#### Information supplied
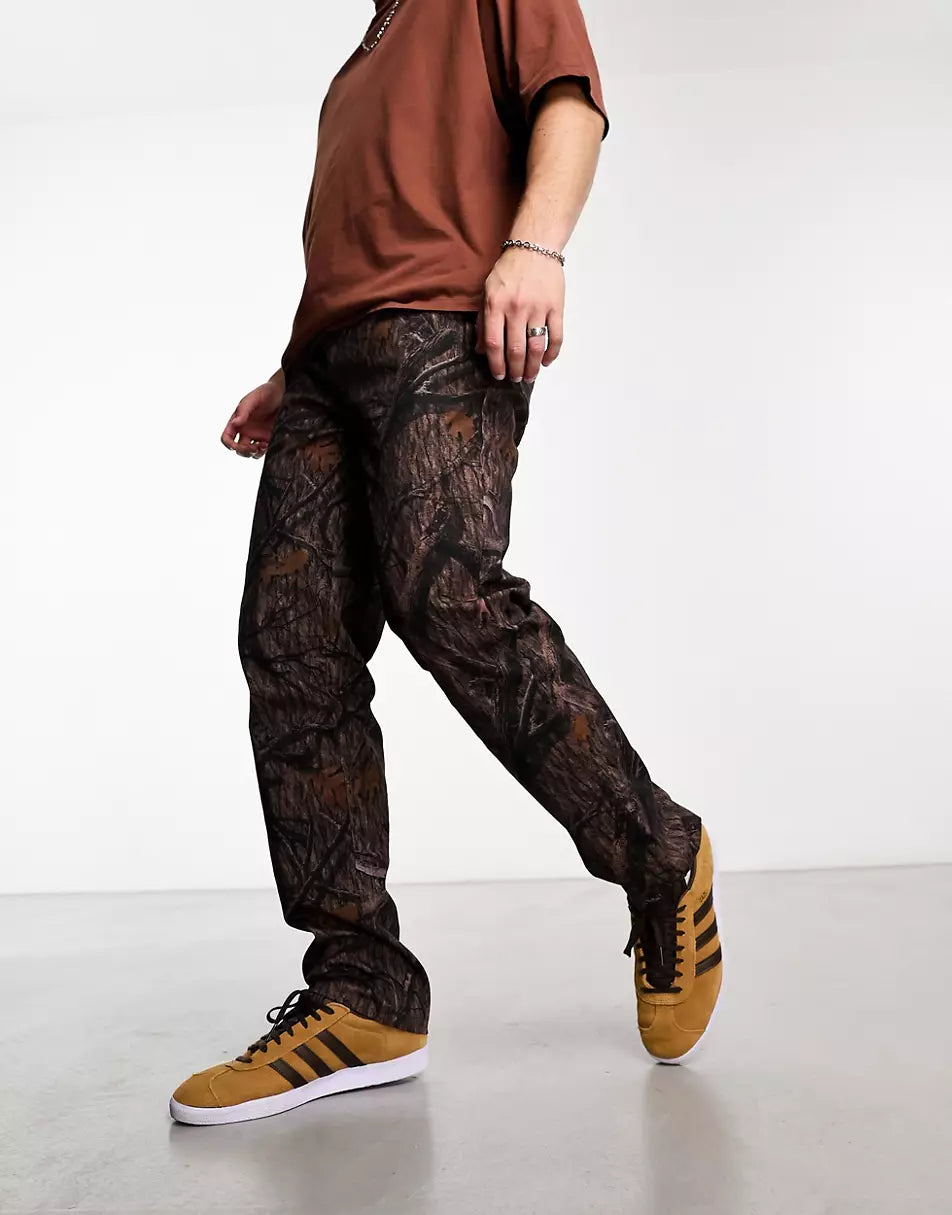 STRAIGHT CHINO IN BROWN CAMO PRINT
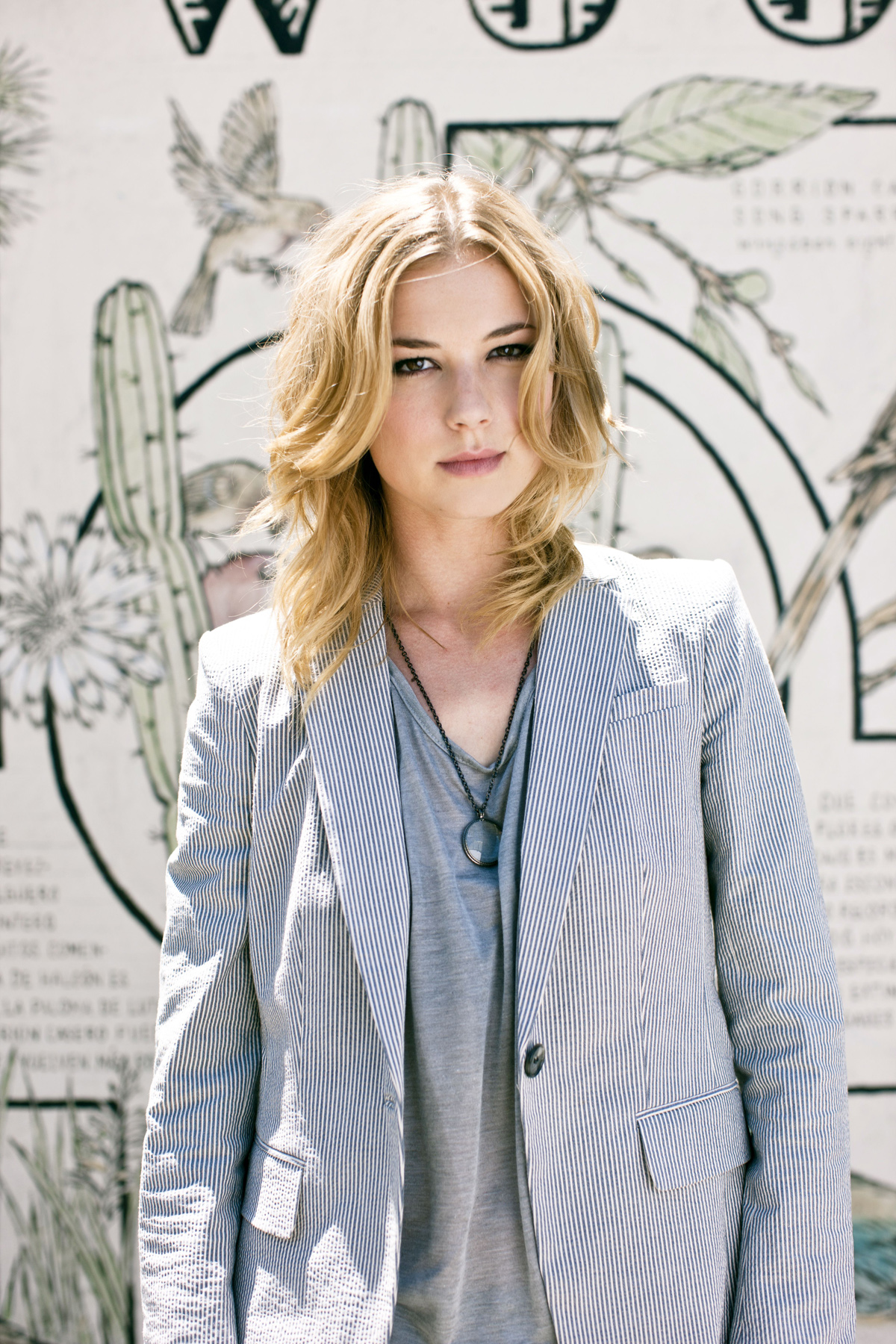 Emily Vancamp, kvinnor, skådespelerska, ser tittaren, blond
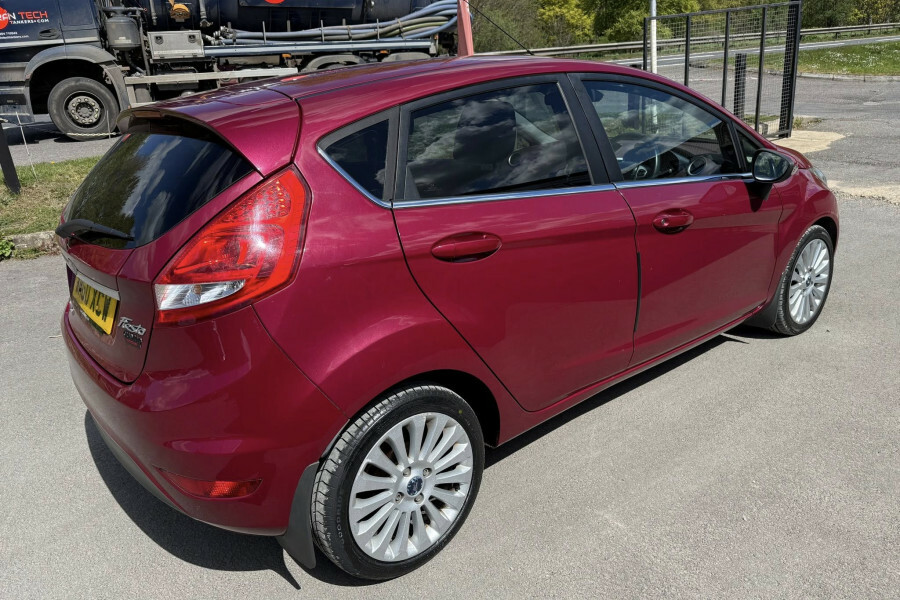 Ford Fiesta Hatchback WR60XCW Red #5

#### What to work on
Write out every line above again exactly, with the pictures left out.

#### Solution to this problem
 STRAIGHT CHINO IN BROWN CAMO PRINT
 Emily Vancamp, kvinnor, skådespelerska, ser tittaren, blond
 Ford Fiesta Hatchback WR60XCW Red #5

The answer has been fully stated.